Problem: Return the listing exactly, please; no pictures.

Data:
------

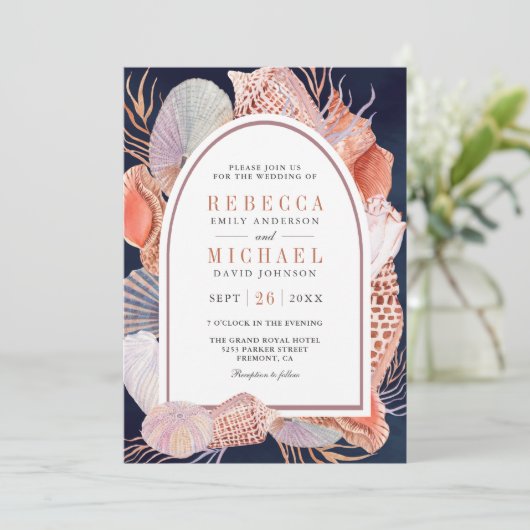 Invitation Rustique Seashell Nautique Marine bleu QR Code Mar (Debout devant)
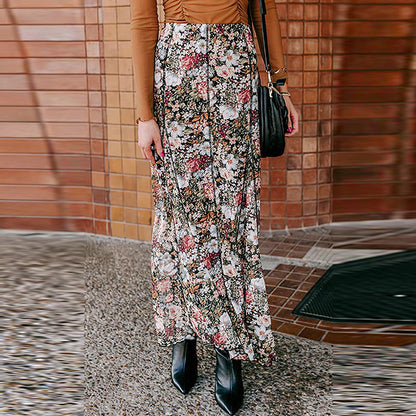 Floral Print Sheath Long Skirt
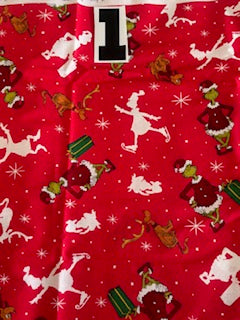 Red Grinch Christmas Fabric #1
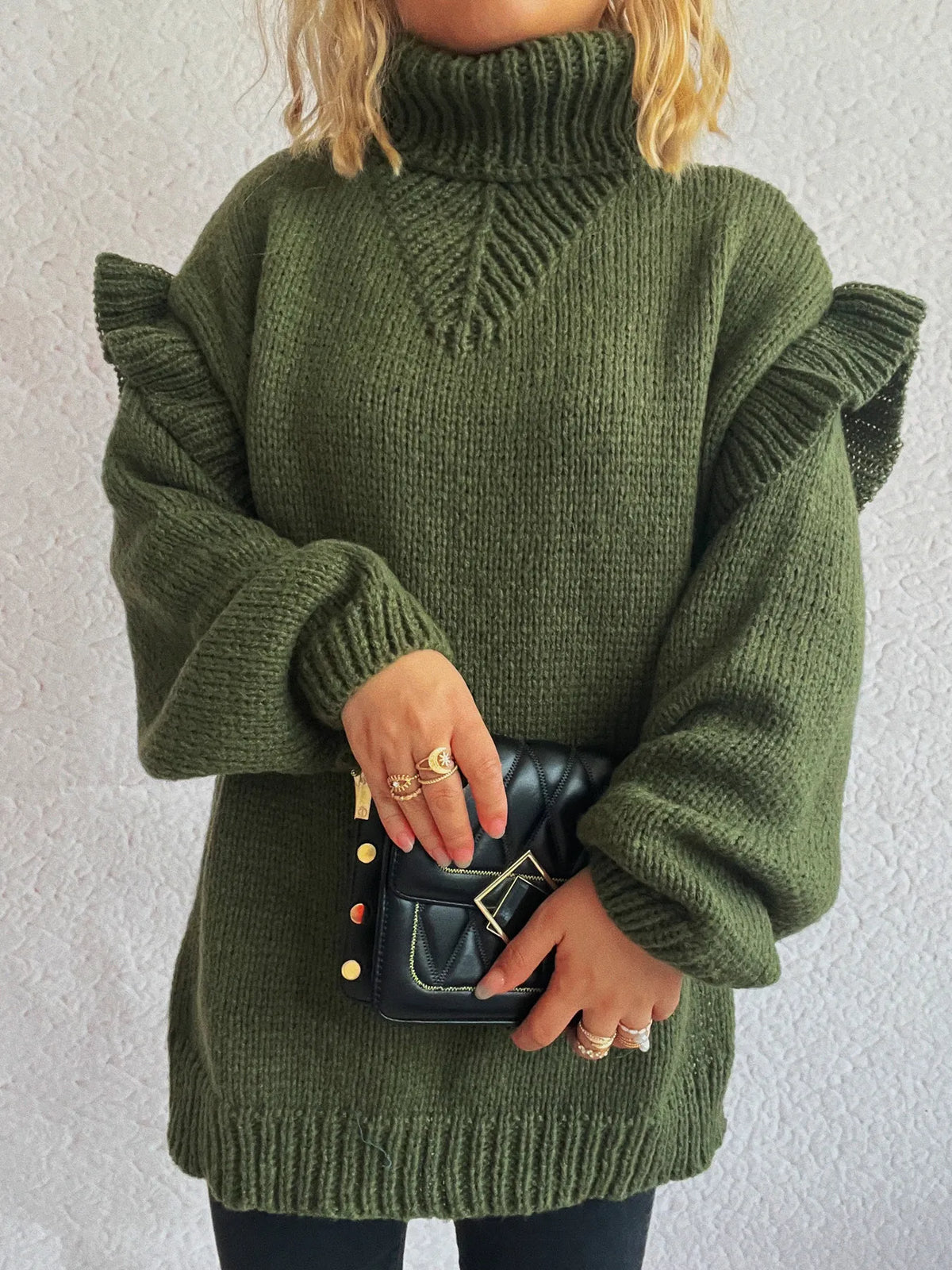 Ruffled turtleneck long sleeve sweater fabric detail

------

Written response:
 Invitation Rustique Seashell Nautique Marine bleu QR Code Mar (Debout devant)
 Floral Print Sheath Long Skirt
 Red Grinch Christmas Fabric #1
 Ruffled turtleneck long sleeve sweater fabric detail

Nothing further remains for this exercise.